The world’s carrying capacity became a widely recognized issue in 1972, when a think tank of scientists known as the Club of Rome published the report The Limits to Growth.
One of the authors, futurist Jørgen Randers, predicts that the scarcity of natural resources and population growth will continue to be the most important megatrends shaping the future.
“Climate change has now claimed its place among the other two megatrends, as we now have proof of its progression,” says the 70-year-old Norwegian professor. Randers believes that significantly lower growth figures will remain a dominant economic trend in the next few decades, especially in developed countries.

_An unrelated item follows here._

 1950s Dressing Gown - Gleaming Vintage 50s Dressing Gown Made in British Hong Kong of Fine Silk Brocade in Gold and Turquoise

This is due to the ageing population and a decline in the profitability of work. As society grows wealthier, employment becomes concentrated in the service sector. In addition, health and social services will employ more people than before.
“Increasing productivity in these fields is much harder than in the manufacturing industry or agriculture. I doubt we will be willing to accept robots taking care of the elderly in the future.”
Funding the fight against climate change
Randers expects to see the world’s GDP (the amount of products and services produced) double within the next 40 years. At the same time, he anticipates that population growth will start to slow down and reach a peak of 8.1 billion people in 2040.
Average consumption per person will grow but a larger portion of national income will be spent on investments in a sustainable future. Within the last couple of decades, an average of 25% of national product has been spent on investments. In the future, we might have to increase this to 40%.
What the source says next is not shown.